「ストライダー」の「ランニングバイク」(キックバイク)に乗る子ども。

キックバイクは、自転車のようにまたがって乗り、足で地面を蹴って進む、ペダルのない幼児用の二輪遊具で、英語など他の多くの言語におけるバランスバイク(balance bike)に相当するものである[1][2][3]。ただし、日本においては「バランスバイク」はラングスジャパン社の商標であるため、日本語における一般的な名称としてはキックバイクが用いられることがよくある。ほかにも、やはり商標に由来する名称である「ランニングバイク[3]、「トレーニングバイク[4]や、代表的なメーカーの名である「ストライダー」などと称されることもある。消費者庁など行政の文書では「ペダルなし二輪遊具」と表現されており、軽車両である自転車とは異なる、幼児の乗用玩具のひとつとされている[5]

日本では2000年代後半から普及が始まったとされ[3]、ブレーキ付きやスタンドを保持したものが発売されている。

概要編集

キックバイクの対象年齢は、2歳から5歳ないし6歳くらいまでの未就学児とされており、この年齢を対象としたレースイベントも開催されている[6][7]。さらに1歳半からの使用を想定した製品もある[8]

キックバイクにはクランクがなく、道路交通法の上でも自転車のような軽車両扱いにはならず、あくまでも遊具玩具であり、公道の走行は認められていない[9]消費者庁は、ペダルクランクチェーンがなく、幼児の握力では操作が難しいことからブレーキも備えられていないことを踏まえた注意喚起を出し、道路での使用禁止、ヘルメットの着用、使用時の大人の立ち会いの3点を呼びかけている[5]国民生活センターは、4銘柄の商品テストを行なった結果から、以上3点に加え、「坂道を滑走してしまった場合、傾斜によっては短い距離でも大人が追いつけない速度」が出ることを指摘し、坂道での使用禁止を呼びかけている[5]

なお、機種によっては、後付けでペダルなどを取り付けて自転車として使用できるものもある[8]
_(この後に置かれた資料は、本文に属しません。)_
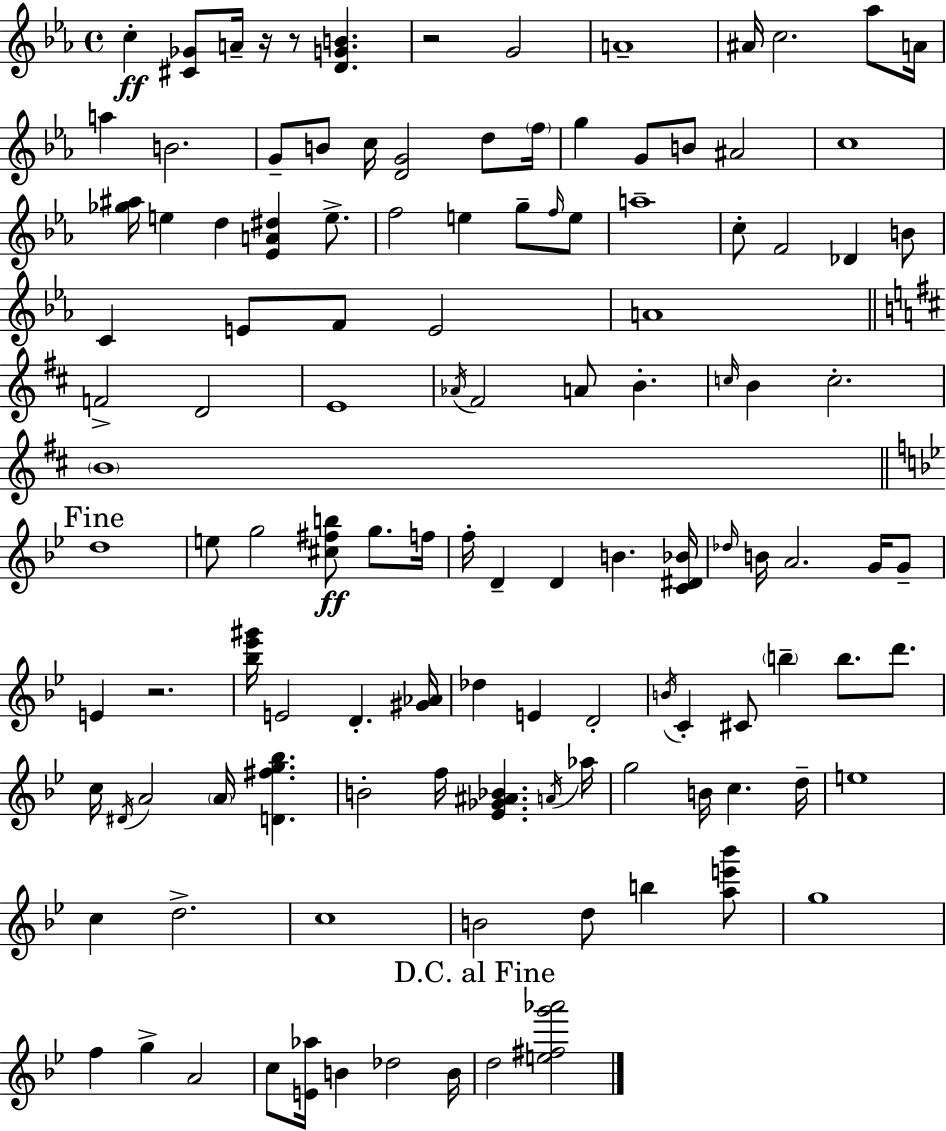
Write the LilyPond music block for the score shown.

{
  \clef treble
  \time 4/4
  \defaultTimeSignature
  \key ees \major
  c''4-.\ff <cis' ges'>8 a'16-- r16 r8 <d' g' b'>4. | r2 g'2 | a'1-- | ais'16 c''2. aes''8 a'16 | \break a''4 b'2. | g'8-- b'8 c''16 <d' g'>2 d''8 \parenthesize f''16 | g''4 g'8 b'8 ais'2 | c''1 | \break <ges'' ais''>16 e''4 d''4 <ees' a' dis''>4 e''8.-> | f''2 e''4 g''8-- \grace { f''16 } e''8 | a''1-- | c''8-. f'2 des'4 b'8 | \break c'4 e'8 f'8 e'2 | a'1 | \bar "||" \break \key d \major f'2-> d'2 | e'1 | \acciaccatura { aes'16 } fis'2 a'8 b'4.-. | \grace { c''16 } b'4 c''2.-. | \break \parenthesize b'1 | \mark "Fine" \bar "||" \break \key g \minor d''1 | e''8 g''2 <cis'' fis'' b''>8\ff g''8. f''16 | f''16-. d'4-- d'4 b'4. <c' dis' bes'>16 | \grace { des''16 } b'16 a'2. g'16 g'8-- | \break e'4 r2. | <bes'' ees''' gis'''>16 e'2 d'4.-. | <gis' aes'>16 des''4 e'4 d'2-. | \acciaccatura { b'16 } c'4-. cis'8 \parenthesize b''4-- b''8. d'''8. | \break c''16 \acciaccatura { dis'16 } a'2 \parenthesize a'16 <d' fis'' g'' bes''>4. | b'2-. f''16 <ees' ges' ais' bes'>4. | \acciaccatura { a'16 } aes''16 g''2 b'16 c''4. | d''16-- e''1 | \break c''4 d''2.-> | c''1 | b'2 d''8 b''4 | <a'' e''' bes'''>8 g''1 | \break f''4 g''4-> a'2 | c''8 <e' aes''>16 b'4 des''2 | b'16 \mark "D.C. al Fine" d''2 <e'' fis'' g''' aes'''>2 | \bar "|."
}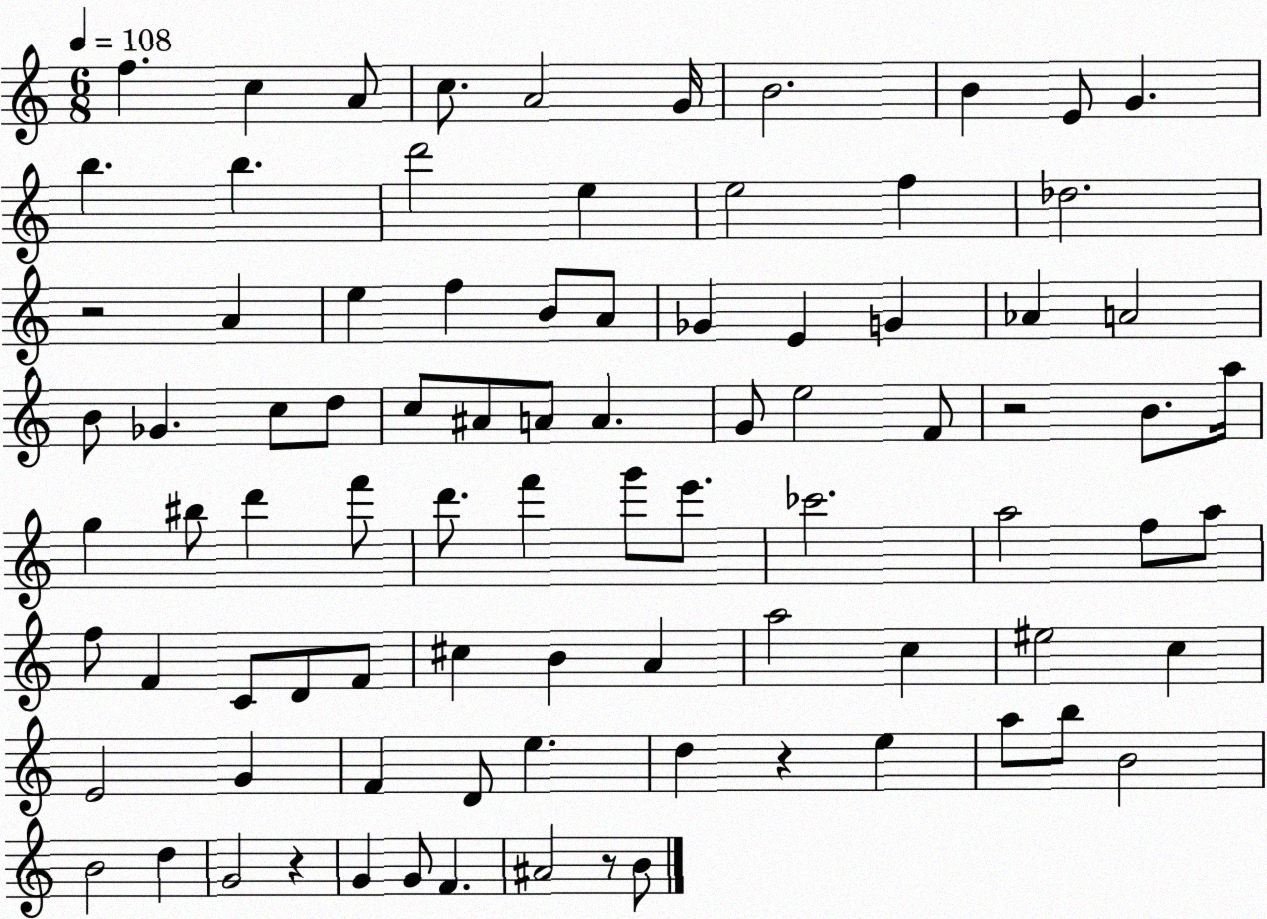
X:1
T:Untitled
M:6/8
L:1/4
K:C
f c A/2 c/2 A2 G/4 B2 B E/2 G b b d'2 e e2 f _d2 z2 A e f B/2 A/2 _G E G _A A2 B/2 _G c/2 d/2 c/2 ^A/2 A/2 A G/2 e2 F/2 z2 B/2 a/4 g ^b/2 d' f'/2 d'/2 f' g'/2 e'/2 _c'2 a2 f/2 a/2 f/2 F C/2 D/2 F/2 ^c B A a2 c ^e2 c E2 G F D/2 e d z e a/2 b/2 B2 B2 d G2 z G G/2 F ^A2 z/2 B/2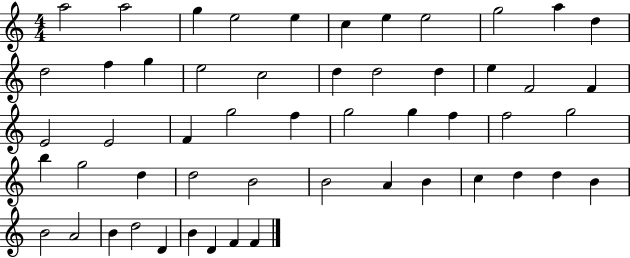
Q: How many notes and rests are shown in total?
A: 53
キックバイクは、起伏のあるパンプトラックの走行にも適しているとされる[2]。また、スキーアタッチメントを付けて、雪上を滑走できるようにしたものをスノーキックバイクなどと称し、レースイベントも開かれている[10][11]

金属以外の素材での製作編集

もともと、バランスバイクは、金属製のものばかりではなく木製もあった。日本でも多くのキックバイクはアルミニウムなど軽量金属で作られているが[8]2009年から木製のキックバイクの製造も行なわれており[12]、さらに、段ボール製のキックバイクの組み立てキットも販売されている[13][14]

幼児用乗用玩具ではない「キックバイク」編集

 
キックスケーターに似た、成人用のキックバイク。ニューヨークマンハッタンで、2010年撮影。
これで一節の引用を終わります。